Minimize the following scalar function: $f(x)={\frac 1 2}(x-b)^2+\lambda|x|$ where $b$ and $\lambda \ge 0$ are given real parameters.
I need to show that the function is convex and find the unique minimizer $x^* = x^*(b; \lambda)$.
I figured the second derivative is 1 ($x \ne 0$), showing $f$ is convex.

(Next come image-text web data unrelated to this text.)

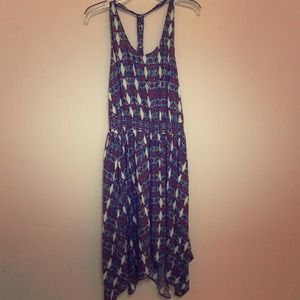 Cute tribal design Dress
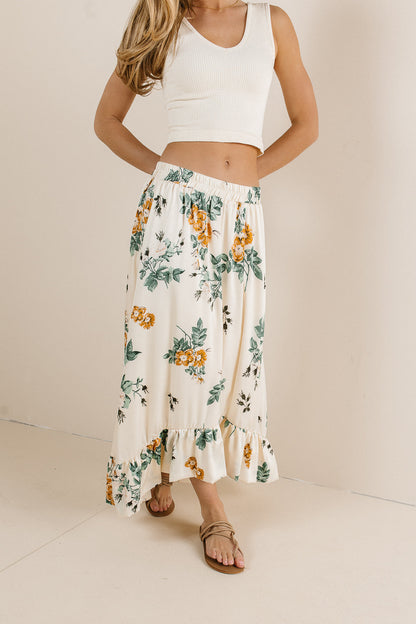 In Full Bloom Skirt - FINAL SALE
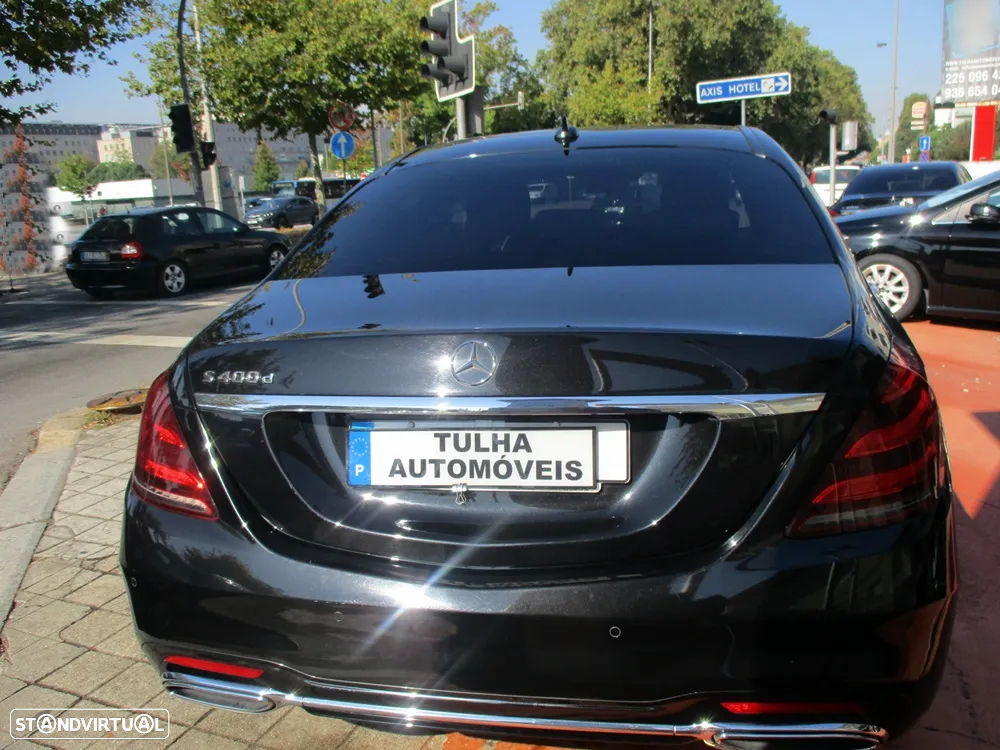 Mercedes-Benz S 400 d Longo - 7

Am I correct in this?
$f' = x - b + \lambda{\frac x {|x|}}$. I am not sure how to solve this for $f' = 0$.
Hint:
The minimum of $f$ on $(-\infty, \infty)$, denoted $$\min_{x\in(-\infty,\infty)} f(x),$$ is equal to $$\min\{\min_{x\in(-\infty, 0]} f(x), \min_{x\in[0,\infty)} f(x)\}$$
Hint: $f'(x)=x-b+\lambda \frac{x}{|x|}$
It means that for $x<0$ $f'(x)=x-b-\lambda$
But for $x>0$ it is $f'(x)=x-b+\lambda$.
Can you finish from here?
$$\frac{1}{2}(x-b)^2+\lambda|x| = \begin{cases} \frac{1}{2}(x-b+ \lambda)^2+\lambda b-\frac{1}{2}\lambda^2 &, x\ge 0\\ \\ \frac{1}{2}(x-b- \lambda)^2-\lambda b-\frac{1}{2}\lambda^2 &, x\lt 0 \end{cases}$$ and to show that this function is convex, refer to kjetil's note.